Migrazioni, quanti malintesi
I commenti social ai fatti di cronaca nera mettono in luce l’esistenza di un pericoloso pregiudizio tra migranti e criminalità, che tuttavia non corrisponde alle reali preoccupazioni degli italiani. Roberto Cornelli, professore di criminologia dell’Università di Milano-Bicocca, ha fondato la sua analisi sui dati Istat e Eurobarometro. La principale preoccupazione degli italiani non è la criminalità, né il terrorismo, né tantomeno l’immigrazione. In cima troviamo il lavoro e l’economia, con l’andamento del costo della vita. Al contrario, ha sottolineato Cornelli, siamo di fronte a una tendenza della politica che punta a misure di autoprotezione, tecnologie di sorveglianza, paesaggi urbani difensivi e sicurezza anti-terrorismo. Il grande rischio è che spendendo risorse per la difesa dall’esterno, finiremo per sottovalutare i pericoli interni. L’attenzione verso l’esterno è dimostrata anche dai pregiudizi rispetto alle politiche migratorie in Italia. Maurizio Ambrosini ha mostrato come gli italiani percepiscano in modo sbagliato il fenomeno migratorio. Prima di tutto l’errata percezione che gli stranieri in Italia siano il 26% della popolazione, con un dato reale inferiore a un residente su dieci. C’è poi la diffusa credenza che i governi di centro-destra siano più ostili ai migranti: in realtà, hanno attuato le principali sanatorie di migranti: nel 2002-2003 oltre 600.000 sanati con al governo Bossi-Fini, e ancora circa 300.000 nel 2009 con al governo Roberto Maroni. Infine è largamente diffusa la credenza che in Italia sia in corso una islamizzazione del Paese: tra le prime dieci comunità in Italia ci sono romeni, cinesi, ucraini, filippini e indiani e moldavi, a cui si aggiungono migranti provenienti dai Paesi musulmani: Marocco, Bangladesh, Egitto e, con le dovute cautele, Albania.

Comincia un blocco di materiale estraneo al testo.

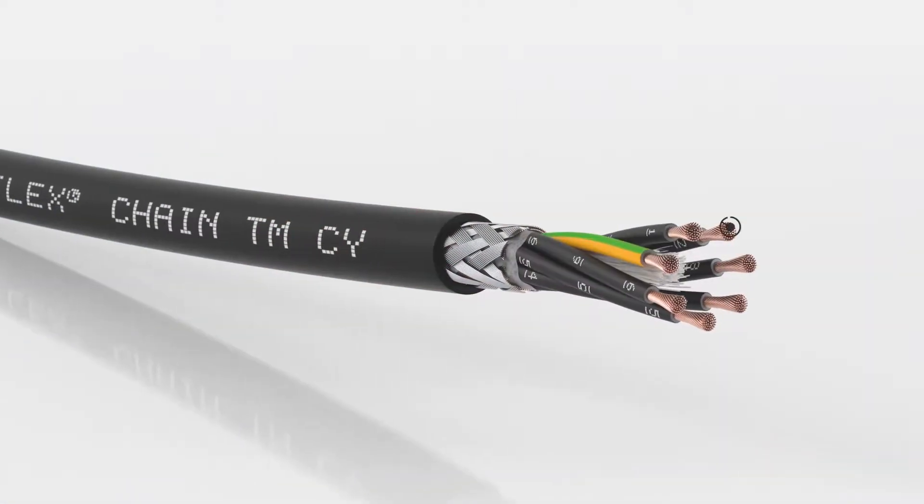Cable design is key to continuous flex cables. It all starts with the stranding of the copper conductor. You need to find the balance between flexibility and stability, because the conductor needs to be as flexible as possible but should also not break.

Una guerra all’antisemitismo
Betti Guetta, dell’Osservatorio antisemitismo e Centro di documentazione ebraica contemporanea di Milano ha messo in luce come gli stereotipi sugli ebrei siano ancora largamente diffusi nella società italiana. Prima di tutto gli ebrei sono visti come lobby dal grande potere politico ed economico. Il 56% degli italiani è convinto che gli ebrei siano bravi negli affari, con una particolare presenza nella finanza mondiale. Inoltre gli ebrei sono sempre più presenti nelle teorie complottistiche globali. Secondo Guerra, il Giorno della Memoria è occasione per attacchi contro la comunità ebraica, a cui si aggiunge ogni notizia che abbia qualche relazione con la comunità ebraica. Attacchi contro gli ebrei sono stati registrati sui social per la nomina a senatrice a vita di Liliana Segre, oppure l’omicidio Mireille Knoll, la donna sopravvissuta alla Shoah, accoltellata e data alle fiamme a Parigi, fino agli insulti a Emanuele Fiano. Questo dimostra che l’antisemitismo è ancora presente nella società. Le occasioni più frequenti per esternare l’odio contro gli ebrei vengono dagli aggiornamenti del conflitto Israelo-Palestinese. Guetta ha ricordato l’esistenza online di videogiochi per raccogliere gli ebrei morti nei campi di concentamento, oppure i frequenti e offensivi fotomontaggi sull’Olocausto.